(Data entries)
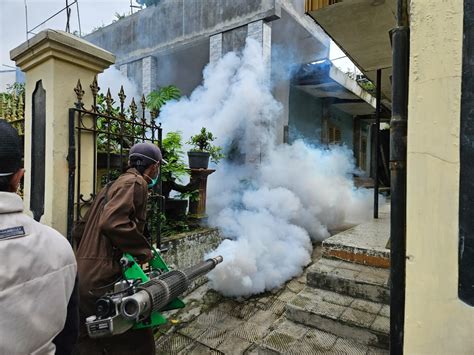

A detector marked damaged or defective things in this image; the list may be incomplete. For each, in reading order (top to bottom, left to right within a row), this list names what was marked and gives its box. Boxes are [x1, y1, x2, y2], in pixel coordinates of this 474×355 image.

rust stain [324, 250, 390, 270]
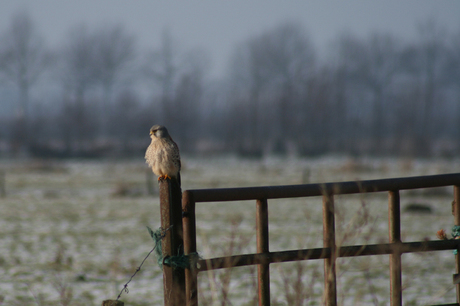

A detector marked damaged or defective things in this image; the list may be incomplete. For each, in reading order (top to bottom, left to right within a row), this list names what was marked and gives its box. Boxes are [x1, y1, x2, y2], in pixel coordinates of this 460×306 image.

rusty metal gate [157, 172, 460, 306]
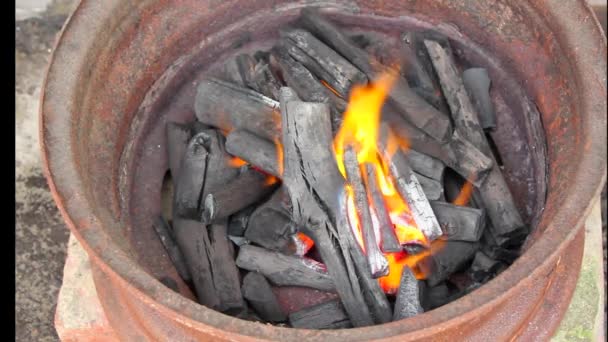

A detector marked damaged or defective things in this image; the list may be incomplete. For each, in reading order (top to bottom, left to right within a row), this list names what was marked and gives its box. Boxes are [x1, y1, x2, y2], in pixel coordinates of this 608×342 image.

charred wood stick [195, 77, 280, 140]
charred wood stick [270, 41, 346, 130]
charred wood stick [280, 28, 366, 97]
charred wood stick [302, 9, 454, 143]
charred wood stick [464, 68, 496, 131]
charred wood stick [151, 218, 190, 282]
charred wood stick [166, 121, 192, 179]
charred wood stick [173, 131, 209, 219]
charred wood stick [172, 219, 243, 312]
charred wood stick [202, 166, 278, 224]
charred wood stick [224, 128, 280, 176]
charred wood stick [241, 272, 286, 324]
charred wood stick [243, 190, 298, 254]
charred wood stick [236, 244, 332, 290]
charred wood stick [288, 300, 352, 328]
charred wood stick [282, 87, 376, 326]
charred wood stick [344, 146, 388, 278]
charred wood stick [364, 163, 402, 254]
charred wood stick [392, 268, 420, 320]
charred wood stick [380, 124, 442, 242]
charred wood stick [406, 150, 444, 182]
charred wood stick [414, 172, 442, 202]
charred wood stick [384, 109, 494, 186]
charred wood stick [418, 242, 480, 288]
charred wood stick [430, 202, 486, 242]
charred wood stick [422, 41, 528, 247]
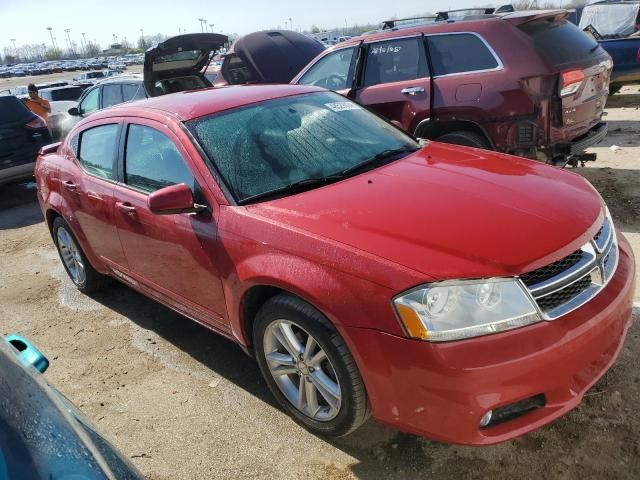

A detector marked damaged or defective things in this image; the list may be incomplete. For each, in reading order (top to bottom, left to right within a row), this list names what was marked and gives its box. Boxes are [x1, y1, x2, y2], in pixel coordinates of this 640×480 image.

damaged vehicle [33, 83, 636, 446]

• [WHAT THE TASK ASKS] With the pictures omitted, restate every entry above word for word.

• [RESULT OF THIS TASK]
A detector marked damaged or defective things in this image; the list may be incomplete. For each, in reading order (top to bottom, left to right within a row), this list names what was marked and gives its box. Boxes are [x1, y1, x2, y2], in pixel coordinates of this 474×355 image.

rust stain [324, 250, 390, 270]

A detector marked damaged or defective things in this image; the list may be incomplete. For each, in reading order (top to bottom, left to right within a row), this list names what was marked and gives its box. Boxes are [x1, y1, x2, y2], in pixel coordinates of this 460×306 image.

rusty metal gate [157, 172, 460, 306]

A detector marked damaged or defective things in this image; the list may be incomplete. For each, in reading order (top to bottom, left to right within a row), this list names what was marked and gives its box. Boxes are [x1, y1, x2, y2], in pixel coordinates of this 608×342 image.

charred wood stick [195, 77, 280, 140]
charred wood stick [270, 41, 346, 130]
charred wood stick [280, 28, 366, 97]
charred wood stick [302, 9, 454, 143]
charred wood stick [464, 68, 496, 131]
charred wood stick [151, 218, 190, 282]
charred wood stick [166, 121, 192, 179]
charred wood stick [173, 131, 209, 219]
charred wood stick [172, 219, 243, 312]
charred wood stick [202, 166, 278, 224]
charred wood stick [224, 128, 280, 176]
charred wood stick [241, 272, 286, 324]
charred wood stick [243, 190, 298, 254]
charred wood stick [236, 244, 332, 290]
charred wood stick [288, 300, 352, 328]
charred wood stick [282, 87, 376, 326]
charred wood stick [344, 146, 388, 278]
charred wood stick [364, 163, 402, 254]
charred wood stick [392, 268, 420, 320]
charred wood stick [380, 124, 442, 242]
charred wood stick [406, 150, 444, 182]
charred wood stick [414, 172, 442, 202]
charred wood stick [384, 109, 494, 186]
charred wood stick [418, 242, 480, 288]
charred wood stick [430, 202, 486, 242]
charred wood stick [422, 41, 528, 247]

A detector marked damaged or defective things in this image; the list may be incomplete. For each, in reading order (top to bottom, left to right within a row), this list names what was marked and gives its box. Boxes are [x1, y1, x2, y2], in pixel coordinates of this 640×480 image.

damaged vehicle [33, 83, 636, 446]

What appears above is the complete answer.